Schield and I talked in his office in Fort Worth, where he worked as a government administrator for AIDS programs. He was amiable, smart, thoughtful, good-humored, and possibly a bit eccentric — his office was jammed with little snow globes and numerous tote bags from AIDS conferences he had attended.

Schield was raised in Honolulu, Hawaii, and worked for years as a specialist who opened new TGI Fridays restaurants across the U.S. Then he took a sick friend to see a doctor in New York City. No one knew what ailed the young man. Within a year, he was dead from AIDS.
Schield was shocked, and soon quit his job at TGI Fridays, joining the Dallas Gay Alliance as a volunteer. It was a small, feisty gay rights organization that found itself swamped by calls from gay men needing AIDS-related services. The Alliance started to advocate on their behalf.
“The biggest thing for us was that we needed to get actively involved quickly,” Schield recalled. “Some of the legislative things we needed to get changed in Texas.”
One immediate problem was a little known rule in a state law that prohibited sodomy — and essentially blocked crucial funding to many groups helping AIDS patients.
Schield explained, “If you were an organization that had any kind of sodomy in your name, whether implied or truly there — like “gay” — you were not allowed to apply for funding grants through the state of Texas.
“So any AIDS money that came through Texas, if you were a gay organization, you couldn’t get the money. State officials always said it was never really enforced, but it was. It wasn’t enforced against individual people, so they weren’t running into bedrooms, but they were prohibiting groups who were ‘promoting’ sodomy — because it was technically a violation of the law. So we had to fight that rule and get it pulled away from the law.”
In another instance, local government wanted to spend $25,000 to conduct a door-to-door survey with people living with AIDS. Dallas activists thought it was a total waste of money.
“We had a big battle against them doing that,” said Schield. “‘Why are you spending $25,000 on a survey when we have people sick?!'”
He continued, “In order to promote our issue, we went to the top of Parkland Hospital one night — they were going to announce in the morning that they were going to start this survey.
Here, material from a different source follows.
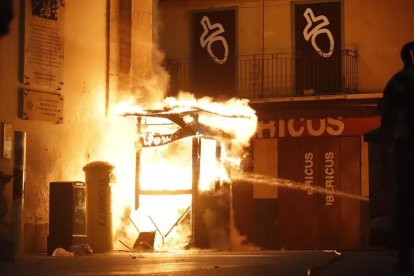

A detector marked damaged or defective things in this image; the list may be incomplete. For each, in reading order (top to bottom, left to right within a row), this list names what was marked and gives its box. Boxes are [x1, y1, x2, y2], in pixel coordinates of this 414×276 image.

burnt banner [192, 9, 236, 97]
burnt banner [294, 1, 342, 95]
We stayed up all night and took a bunch of dummies with us. During the press conference, we started throwing the dummies — to show that people were dying. We just destroyed the press conference, but we made our point.”
Schield added, “They stopped the survey.”
Then, more and more gay men began to die from AIDS. It caused a public backlash against the gay community, and gay men feared repercussions — which impacted AIDS activism in Dallas.
“We saw the Alliance membership start to decline,” Schield recalled. “People didn’t want to join once AIDS got way out there. So a lot of our focus became how do we do educate more on the fear thing. We spent a lot of time on that, and had pretty good successes.”
One situation involved gay bars that didn’t want condoms distributed or even seen.
“They didn’t want a ‘negative’ message about AIDS in their fun bars where people drink,” Schield explained. “We had to come up with a condom guerrilla group. They ran around with condoms and guerrilla attacked the bars. Just a mass takeover, and hand them out.”
He added, “We had a lot of battles within the gay community as well as outside the gay community.”
But through grit and constant advocacy, Dallas was well-positioned to receive more federal funding and quickly utilize the life-saving “AIDS Cocktail,” which arrived in 1996.
“We wanted to shake up the establishment systems,” said Schield, “and we had success with it.”